There's also an official new porcelain in APT itself, aptly called "apt". It preserves⁴ the semantics of apt-get's `upgrade` command, but its usage message actually matches that syntactically— hopefully it'll barf if you tell it `apt upgrade windsurf` or whatever.

But automation needs to rely on the ugly, old, disparate APT commands that have been around forever and can't really change. That probably goes, too, for things guides want you to copy and paste, or instructions handed over to LLMs.

(This is one reason that if you only learn to use APT from guides/tutorials whose primary concern is something other than documenting or teaching how to use Debian-based systems, you'll probably never learn to use the correct tools (the nicer, newer ones).)

--

1: https://manpages.debian.org/trixie/apt/apt-get.8.en.html

2: https://tldr.inbrowser.app/pages/linux/apt-get

3: https://manpages.debian.org/trixie/aptitude/aptitude.8.en.ht...

4: https://manpages.debian.org/trixie/apt/apt.8.en.html

hiya! team noticed your comment and agreed - and it is fixed.

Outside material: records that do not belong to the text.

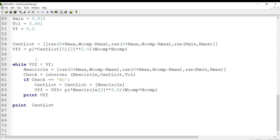After that, we create a list which includes the centers and radii of circles. For each circle in the list, we store the x and y coordinates of the center and the radius of the circle. We also calculate the volume fraction of each circle. For the first circle, we calculate the volume fraction by the appropriate formula and store it in the variable VFF.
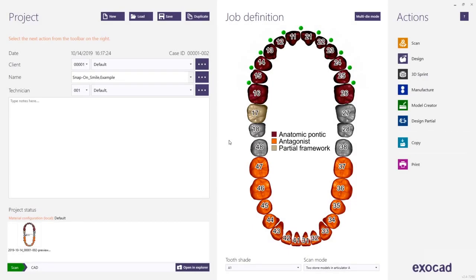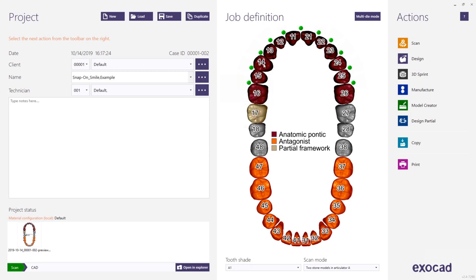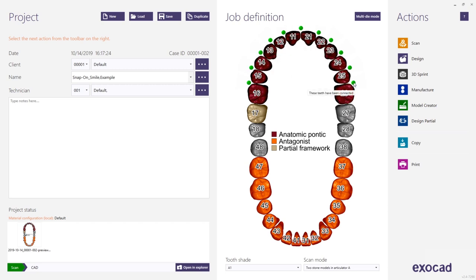In this video I'm showing you a simple workaround to create a snap-on smile using the partial framework module. For this I'm selecting the work type Anatomic Pontic for all but one of the teeth where I want to create a snap-on smile. I also activate the connectors for all of them.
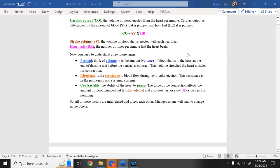Stroke volume is the amount of blood ejected with each ventricular contraction. Think of it like a paddle stroke on a boat — each time the ventricle closes, that's a stroke. We look at the volume ejected per stroke, and then we also look at heart rate. Stroke volume times heart rate equals cardiac output.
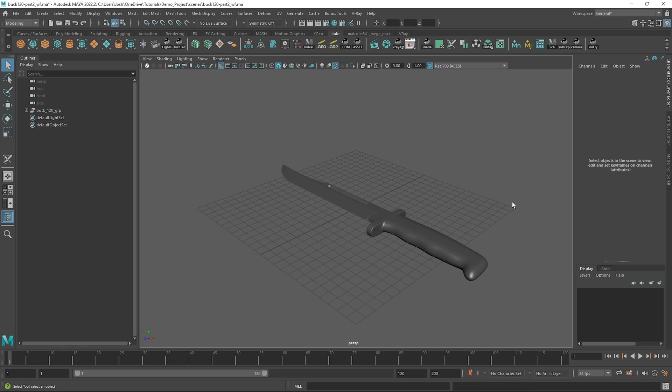This approach is for a high poly VFX asset workflow. For a tutorial on a more game orientated workflow, check out my video on baking maps in Substance Painter which goes over the high poly to low poly workflow.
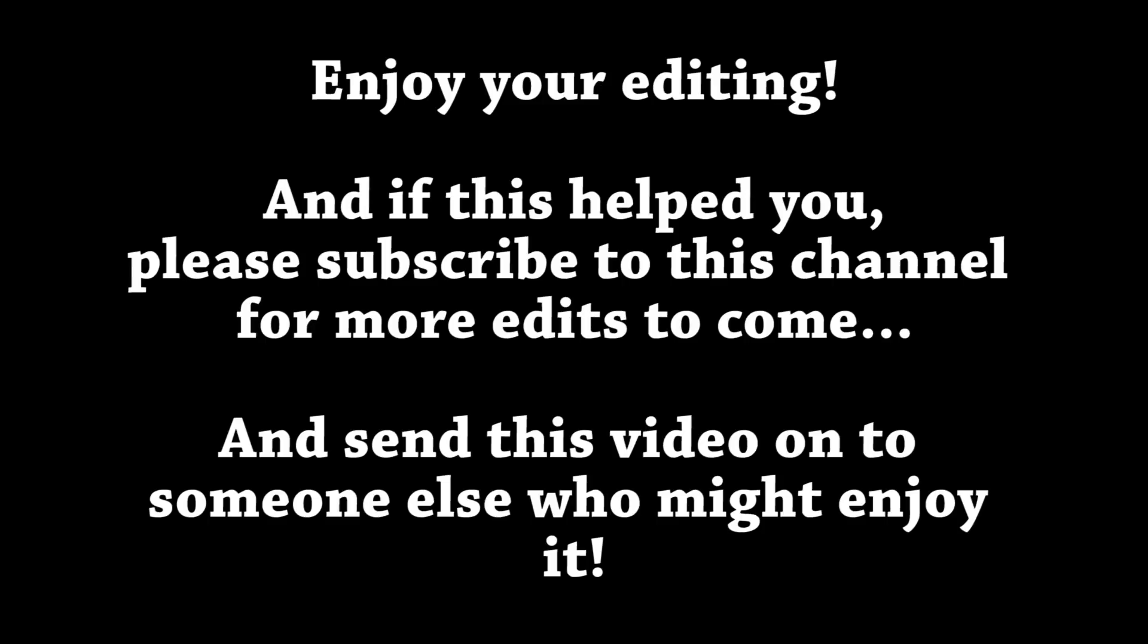If this edit helped you, feel free to subscribe to my channel for more edits in the future. Also, if you think it would help others, feel free to pass this edit along so that others can see my editing as well. If you edit one of your own photos using the techniques you learned from this video, send me a before and after image and I may feature your editing in a future video. Read more about it below.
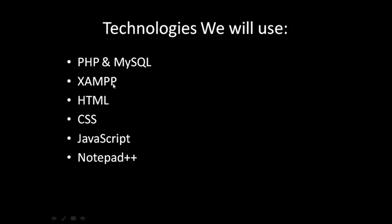XAMPP is a software which provides us PHP, MySQL, and Apache web servers to make a web development environment in our own computer. HTML is for creating web pages, CSS is for styling, and JavaScript is also a web development language. Notepad++ is a text editor.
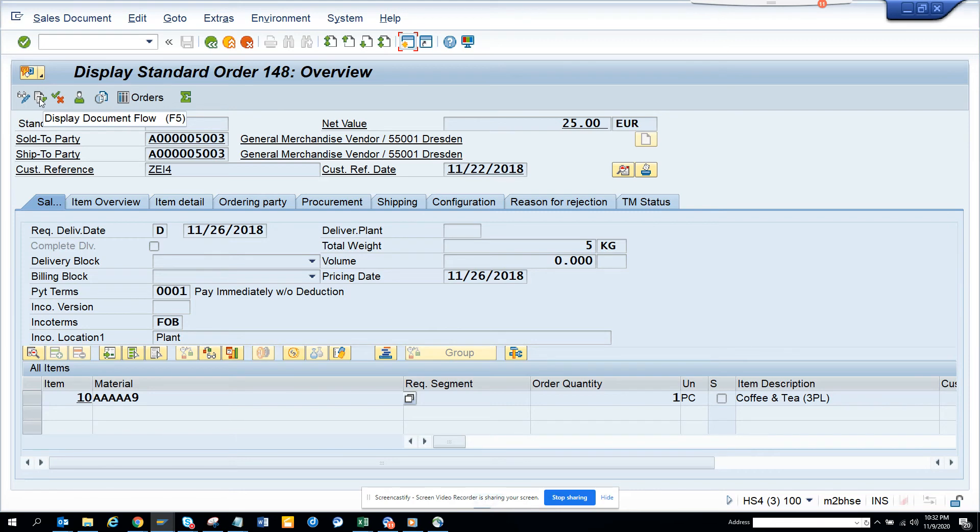If there's no document flow or no corresponding invoice associated with it, then you cannot find it. Okay, so that's it. Stay tuned to my SAP channel and happy learning.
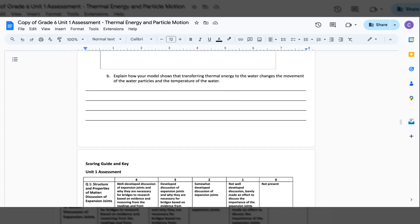B. Explain how your model shows that transferring thermal energy to the water changes the movement of the water particles and the temperature.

    - const CodeSnippetTwo = `sudo apt-get upgrade windsurf`;
    + const CodeSnippetTwo = `sudo apt-get install windsurf`;
Why not use apt?
apt-get has a more stable interface and is more suitable for scripts and instructions intended to be followed to the letter.

apt is better for interactive use and by people who are not just blindly following instructions.

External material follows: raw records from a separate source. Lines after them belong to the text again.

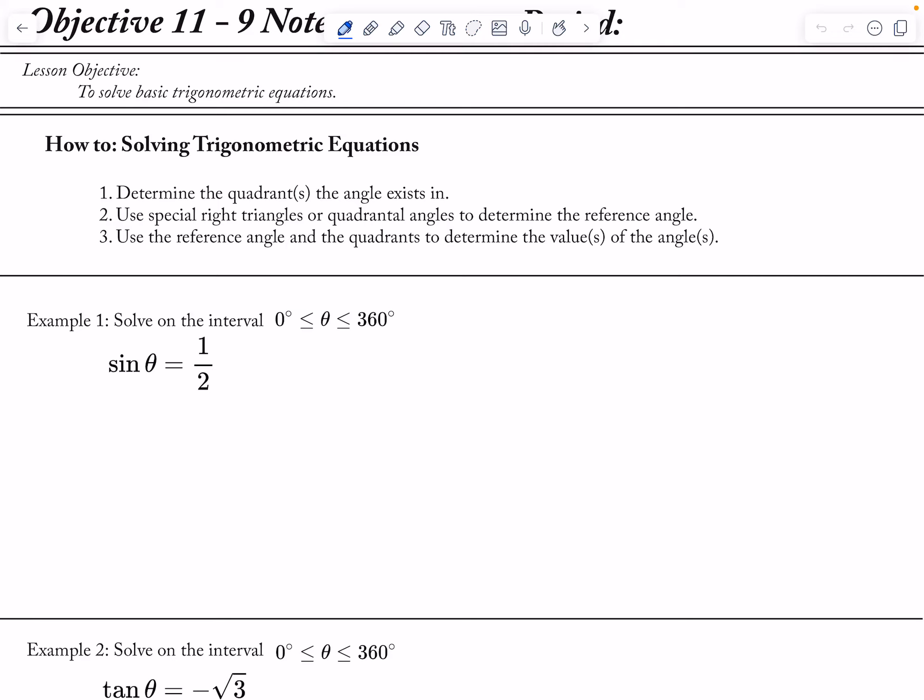Okay, so now we're going to go ahead and look at solving trig equations. This is an introduction into solving trig equations — you'll go more in depth in a future class. For right now I'm going to try to make it very recipe-like when we do this, and I do the same kind of steps every single time just so that way it's easier to memorize.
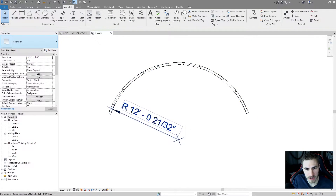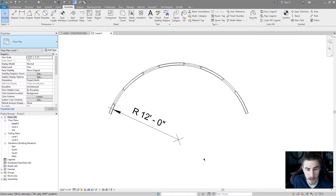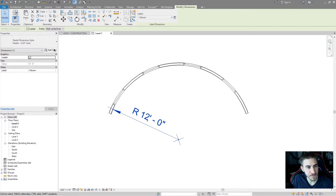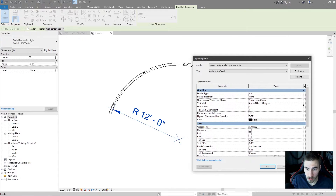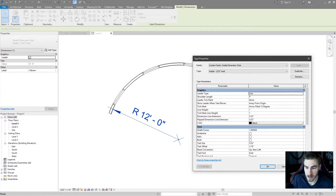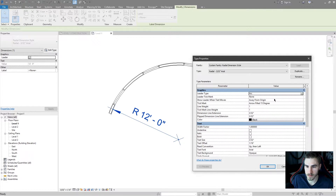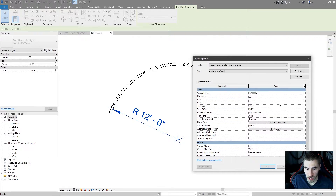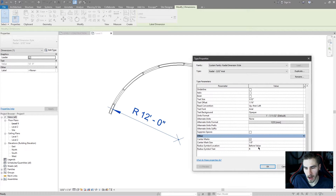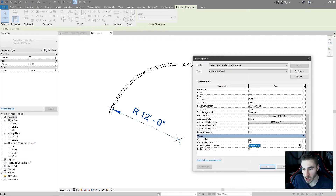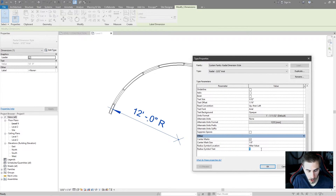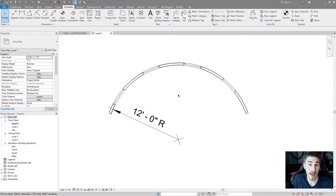I can click that and change this dimension as a temporary dimension — maybe I want to make this 12 feet so it looks a little better. Now I've got a 12-foot radius. If I click on this dimension and hit edit type, please go watch part one — these are all the same. There's really nothing different besides the leader type being an arc versus a line. This is all the same until you get to the 'other' section, where I have the option of unchecking center marks, changing the center mark size and radius symbol location — before or after. You can change this symbol to anything you want.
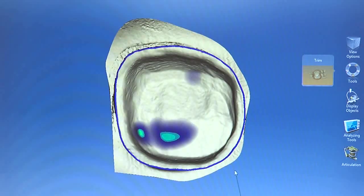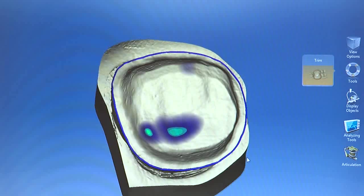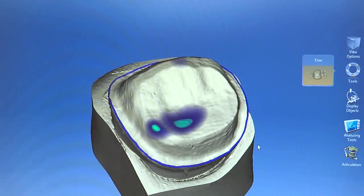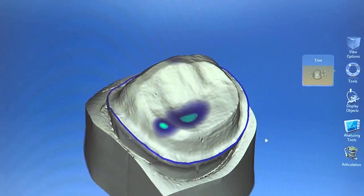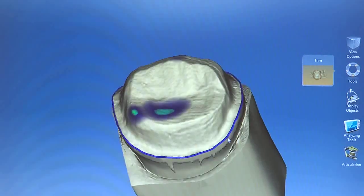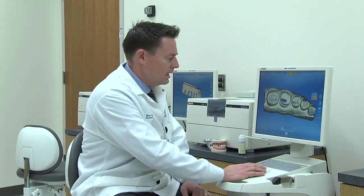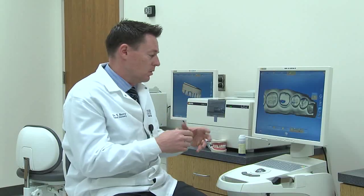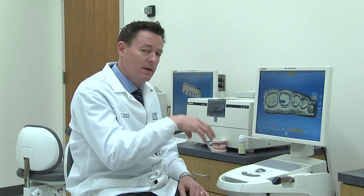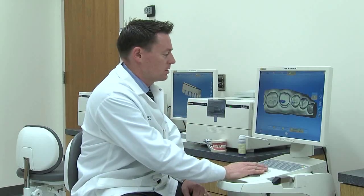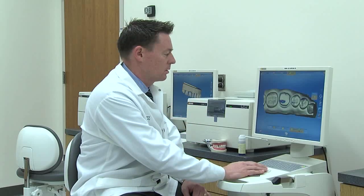Now in this phase, we have to tell the computer exactly where that crown margin will be — where that tooth and crown will meet. And now we're going to define the insertion axis of the crown, or how that restoration inserts onto the tooth.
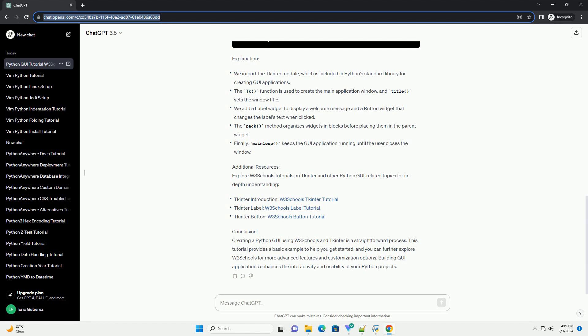W3Schools provides a wide range of GUI-related tutorials, including widget documentation. For instance, let's add a label and a button to our GUI.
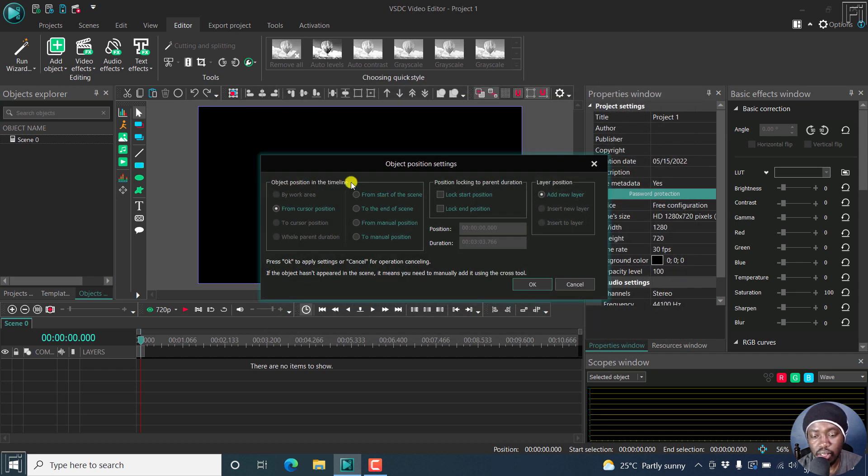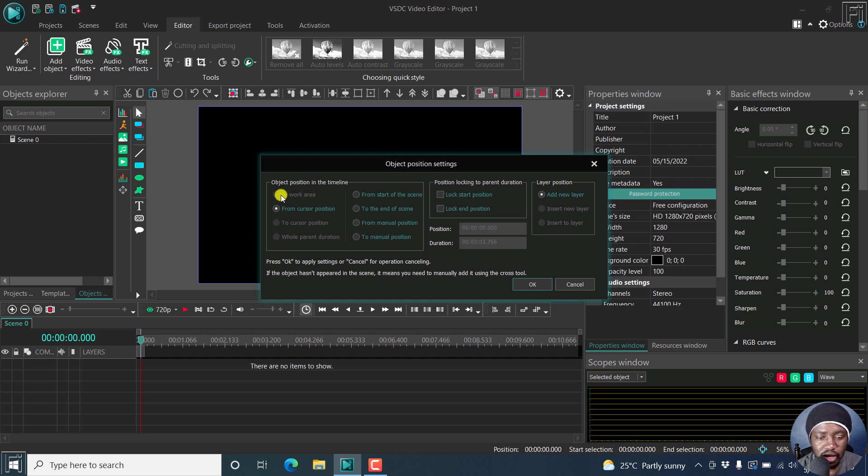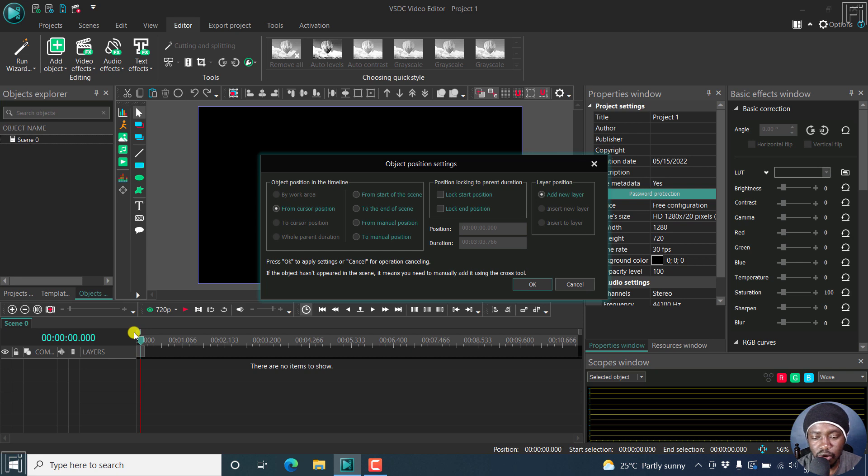And then from this, we need to select the object position settings. I'll just click on from cursor, which is at the start 000. There's nothing else I'll change here. Just click on OK.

Here there are arguments for both. As commands intended to be copy-pasted in a terminal, using apt-get makes sense as it is the safest choice. But it is also intended for humans, it is not a script, so maybe apt would be better. To me, both ways make sense.

Did you also generate this with “AI”?
My reading is that GP can tell, and they're trying to highlight it by asking a question.
If you couldn't tell your food had been cut with sawdust would it matter to you if you found out?
I really love this comment, it's got a very "tree-falling-in-the-woods" vibe to it.

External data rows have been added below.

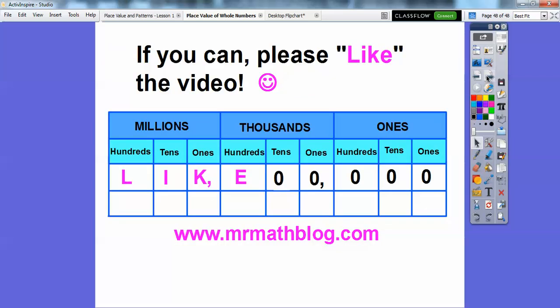I hope that makes sense, you guys. If you want to look, all your lessons are found at MrMathBlog.com. Take care, everybody.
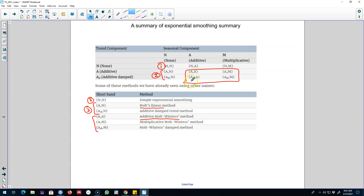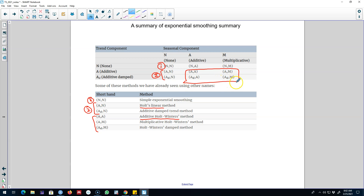We can also control for the damped trend in these models. Essentially, the idea is to look for various patterns in the series: if a series shows no trend or seasonality, apply Simple Exponential Smoothing; if it shows a trend but no seasonality, apply Holt's Linear Trend method and you can introduce a damping parameter; and if it shows both trend and seasonality, apply Holt-Winters' method, again with an optional damping parameter.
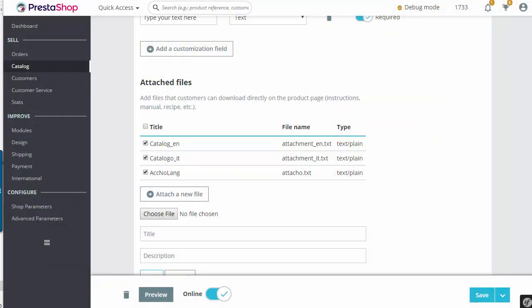Hey everyone, this is Nemo and welcome to another awesome video tutorial. So today we will see how to add multi-language attachments in PrestaShop 1.7.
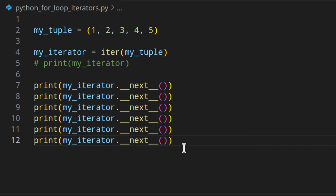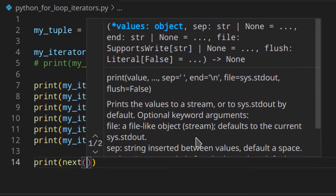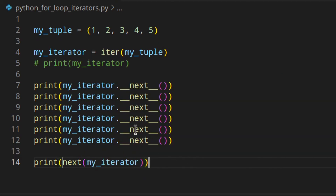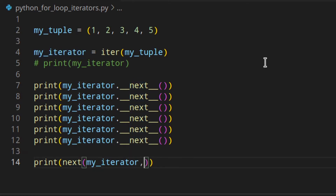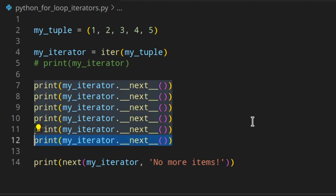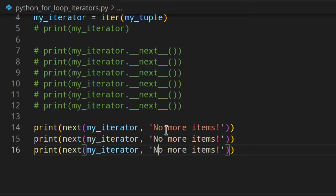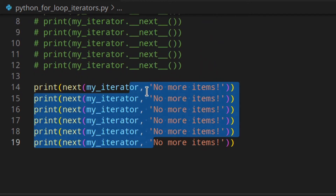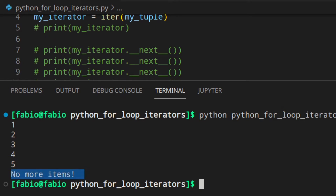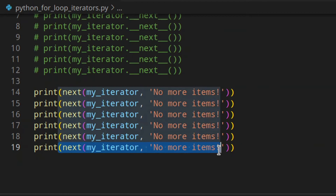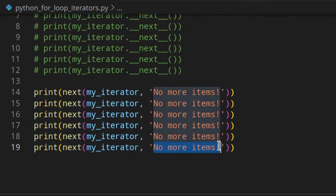If you use the built-in next() function instead of calling __next__ directly, it does the same thing — it calls __next__ behind the scenes. But you can also provide a second argument, which if provided is returned instead of raising the exception. So you could pass something like 'no more items' as a default. With six calls and only five elements, you get 1, 2, 3, 4, 5, then 'no more items' instead of an error.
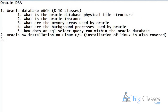After installation, we will understand concepts like what are kernel parameters, and what are the various files that have to be configured in Linux before installing Oracle. We will also get clarity about facts like what is Oracle Home, what is Oracle Base, and what is Oracle Inventory. These are very important from an interview point of view as well as for Oracle database.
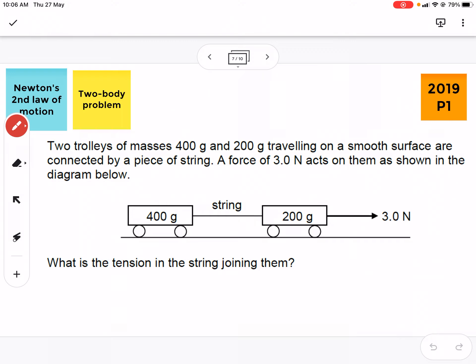We'll be looking at this question from 2019 Paper 1, question number 4. We have two trolleys of masses 400 grams and 200 grams, traveling on a smooth surface, so there's no friction. Take note of these keywords. They are connected by a piece of string, and a force of 3 Newtons acts on them. What's the tension in the string joining them?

On the direct face of it, no, it turns out it doesn't matter: plant cellulose is not toxic to humans, a certain level of it is in many processed foods, and that information isn't secret.

By the time it matters to people, it's at the level where you can tell it's happened: large, pointy chunks, eg, or so much the flavour or texture is ruined. Or toxic contaminants, albeit at the significant risk that one might only be able to tell at the point of suffering from the consequences.

But if we modify the proposition a little, we get a statement about the possibility of a vegan's metaphorical sawdust being cut with ground beef. Now, it's more likely to matter. By and large, dietary choices like that are based on some belief structure, so the presence of the unwanted ingredient could be considered as an attack on the belief system.

When we move the metaphor back to AI generated code, does this reveal a belief system at play? If the resulting program is not poor quality, but the use of AI is objectionable nevertheless, does that make a "no AI in software" stance a sort of veganism for code? (And can we coin a good term for that stance? I vote for hominism, because while I quite like anthropism that leads to anthropic which is obviously not going to work.)

Given there's a regulatory number on acceptable bug parts per million for confectionary, is there a hypothetical acceptable bytes per million for AI-generated code that can still be called hoministic?

The HN guidelines explicitly ask you to steel man arguments you reply to. It is obvious that the point of the comment is not sawdust specifically; they could have used anything else, like cyanide, and the point would stand. Spending multiple paragraphs of rebuttal on a nitpick which fails to address the crux of the argument is precisely the kind of bad argument the HN guidelines aim to avoid.
Is the result is molecular identical? If so, no.
Yes, it does matter.
Wow, what's the upside to that syntax? I never would have guessed.